The MLAs were not given a hearing, thus bringing into question the very process by which the matter was decided.
The Delhi high court has restored the membership of 20 disqualified Aam Aadmi Party MLAs. The case has been referred back to the Election Commission to be heard afresh. It is the Election Commission’s reputation that is under review here, and not so much the issue of office-of-profit, which has had various interpretations given to it in different states at different times. What was questionable was the manner in which the EC disqualified the MLAs for holding office as parliamentary secretaries to ministers of the Delhi state government while holding office as elected legislators of the people. The brusque way in which the disqualification was handled led to suspicions over whether the commission was indeed non-partisan in its ruling. The MLAs were not given a hearing, thus bringing into question the very process by which the matter was decided.
There are several rulings on this question that may be at variance with the AAP case order in the Delhi high court.
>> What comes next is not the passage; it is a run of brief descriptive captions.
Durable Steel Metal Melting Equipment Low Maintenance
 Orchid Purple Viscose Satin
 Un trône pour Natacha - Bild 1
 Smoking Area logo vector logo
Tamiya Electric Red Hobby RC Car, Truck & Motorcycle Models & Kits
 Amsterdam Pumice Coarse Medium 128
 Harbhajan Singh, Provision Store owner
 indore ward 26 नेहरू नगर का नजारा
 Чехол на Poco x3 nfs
The question of whether MLAs and MPs can draw salaries while holding such posts is a larger principle that must be addressed by the Supreme Court if we are not to get into a situation again as it happened in the Delhi Assembly. Since the AAP has an overwhelming majority, the EC ruling did nothing to tilt the balance of power. It could have been different had such a decision been made with regard to an Assembly where a government has a thin majority. What also vitiated the decision was its timing as the CEC was then on the verge of retirement. Also, the principle of natural justice was also not applied in not granting a hearing to the affected legislators. In order not to allow such events to recur, a more precise definition of “office of profit” is required.